Per Baudrillard (v., 1970 e 1972) il consumo non sarebbe altro che uno scambio socializzato di segni. Poiché infatti nelle società del benessere diventa vitale per l'individuo collocarsi nel modo migliore possibile all'interno della gerarchia sociale - dal momento che, come aveva mostrato Duesenberry e come ha sostenuto Hirsch, è proprio da questo posizionamento che dipende l'accesso ai beni e ai servizi cosiddetti 'superiori' - la funzione principale che i beni di consumo finiscono per svolgere è proprio quella di rappresentare questa posizione, di mostrare, cioè, al meglio, la capacità di spesa dell'individuo. Ecco perché in società di questo tipo i beni non verrebbero più tanto desiderati e acquistati per ciò che possono fornire in termini di uso, quanto soprattutto per ciò che possono dare in termini di prestigio e quindi di posizione sociale. Alla base del consumo non vi sarebbe pertanto, secondo Baudrillard, una logica economica di soddisfazione dei bisogni, quanto una logica sociale di differenziazione, la stessa, cioè, che governa i fenomeni di moda.
Tre aspetti di questa tesi vanno qui sottolineati. Il primo è che, una volta posto alla base del consumo il bisogno di 'differenze' (sociali) piuttosto che il bisogno di beni, il problema della razionalità delle scelte, così com'è inteso dalla teoria neoclassica della domanda, esige una sostanziale revisione. Il secondo aspetto è che, poiché i bisogni di beni possono comunque trovare un punto di saturazione, mentre ciò è da escludere per i bisogni di 'differenze', si comprende bene perché nelle società capitalistiche avanzate le domande dei consumatori si spostino verso livelli sempre più elevati. Il terzo aspetto da sottolineare è che, ragionando in tal modo, Baudrillard, esattamente come Veblen, sposta il problema del consumatore dal campo micro a quello macro, nel senso che la quantità di beni che questi riesce a ottenere non dipenderebbe né dal suo reddito, né dalle sue motivazioni, ma sarebbe strutturalmente determinata dalla logica stessa della differenziazione di classe.

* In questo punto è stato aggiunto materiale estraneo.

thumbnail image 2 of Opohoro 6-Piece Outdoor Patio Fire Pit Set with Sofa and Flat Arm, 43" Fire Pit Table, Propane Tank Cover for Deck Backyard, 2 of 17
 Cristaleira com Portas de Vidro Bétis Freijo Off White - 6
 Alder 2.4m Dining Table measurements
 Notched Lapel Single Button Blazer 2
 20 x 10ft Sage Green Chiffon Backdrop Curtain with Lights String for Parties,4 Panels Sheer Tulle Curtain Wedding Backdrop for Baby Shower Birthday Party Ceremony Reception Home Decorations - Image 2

Nel saggio dal titolo Il mondo delle cose, anche l'antropologa Mary Douglas e l'economista Baron Isherwood sostengono una tesi del genere. Anche per loro, cioè, l'attività di consumo sarebbe qualcosa di più del semplice uso di beni per il soddisfacimento di bisogni umani; solo che, mentre per Baudrillard, come d'altronde per Veblen, questo 'di più' riguarderebbe esclusivamente l'esibizione competitiva, per i due studiosi inglesi si tratterebbe di una funzione più ampia e complessa, riguardante, come si è detto, la visibilità e la stabilità delle categorie della cultura.
Dal 'consumo vistoso' di Veblen, dunque, alla manipolazione di beni-segno secondo Baudrillard, ai beni, infine, intesi come 'accessori rituali' per dare un senso al mondo degli eventi. Come si vede, l'indirizzo socioculturale si è andato via via arricchendo di nuove ipotesi e di nuove interpretazioni, certamente suggestive e stimolanti per la ricerca sui consumi. Il rischio tuttavia è che, con questa alterazione sostanziale della nozione di consumo, l'indirizzo socioculturale si allontani talmente dai tradizionali interrogativi che sono alla base della problematica dei consumi, da compromettere ogni possibilità d'integrazione con l'approccio socioeconomico. (V. anche Bisogni; Società di massa).